La doctrina de estudiar el tema que le gusta a uno (y para muchos jóvenes en el proceso de desarrollo esto a menudo es solo lo que les gusta en cada momento) es de lo más desastrosa para aquellos cuyos intereses caen en el campo de las lenguas modernas o en el de la historia, y es lo peor para quienes se imaginan que serán escritores. Porque es para esta gente —y hay muchos de ellos— para quienes la deficiencia en el latín y el griego es más desafortunada. Los que tienen una habilidad real para adquirir estas lenguas muertas son pocos y es muy posible que se dediquen por iniciativa propia a los Clásicos —si se les da la oportunidad. Pero hay muchos más entre nosotros, quienes tenemos dones para las lenguas modernas, o para nuestra propia lengua, o para la historia, que solo poseemos una modesta capacidad para dominar el latín y el griego.
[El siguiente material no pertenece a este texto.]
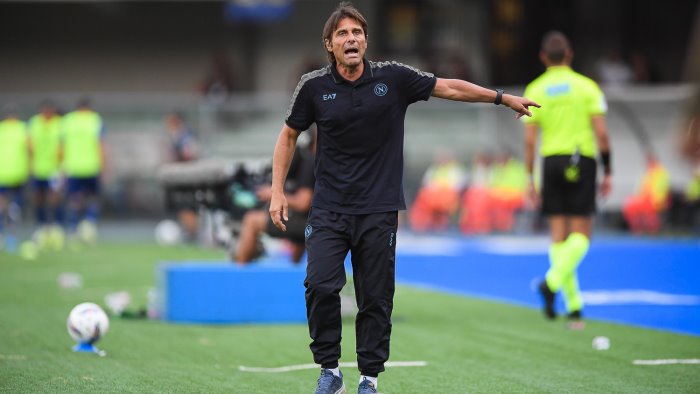 oggi antonio conte in conferenza stampa a castel volturno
Difícilmente se puede esperar que nos demos cuenta, en la adolescencia, de que sin un fundamento de latín y griego, nuestro poder sobre esos otros temas queda limitado.
Ahora bien, mientras que el liberalismo cometió la locura de pretender que un tema es tan bueno como cualquier otro como objeto de estudio y que el latín y el griego simplemente no son mejores que muchos otros, el radicalismo (vástago del liberalismo) descarta esta actitud de tolerancia universal y declara al latín y al griego como temas de poca importancia. El liberalismo había excitado una curiosidad superficial. Nunca antes tanta información miscelánea había sido puesta a disposición de todo el mundo, en grados de simplificación adaptados a la capacidad de asimilación de cada uno. Los entretenidos paradigmas del Sr. H. G. Wells testimonian esto con su popularidad; nuevos descubrimientos se dan a conocer a todo el mundo inmediatamente; y todos saben que el universo está expandiéndose o bien contrayéndose. En una curiosidad disipada acerca de tales novedades, grandes cantidades de gente, muchas de ellas pobres y necesitados, piensan que están mejorando sus mentes o llenando su ocio con una ocupación loable. El radicalismo procede entonces a organizar los temas vitales
y a rechazar lo que no es vital. Un crítico literario actual, que ha ganado gran publicidad por la crítica marxista de la literatura, nos ha dicho que los hombres reales de nuestro tiempo son cuales los Lenins, Trotskys, Gorkys y Stalins; también los Einsteins, Plancks y Hunt Morgans. Para este crítico, el conocimiento significa primariamente conocimiento científico del mundo que nos rodea y de nosotros mismos.
Este enunciado podría recibir una interpretación respetable; pero me temo que el crítico solo quería decir lo mismo que el hombre de la calle. Por conocimiento científico del mundo que nos rodea
no quiere decir comprender la vida. Por conocimiento científico de nosotros mismos no quiere decir conocimiento propio. En resumen, mientras que el liberalismo no sabía lo que quería de la educación, el radicalismo lo sabe, y quiere la cosa equivocada.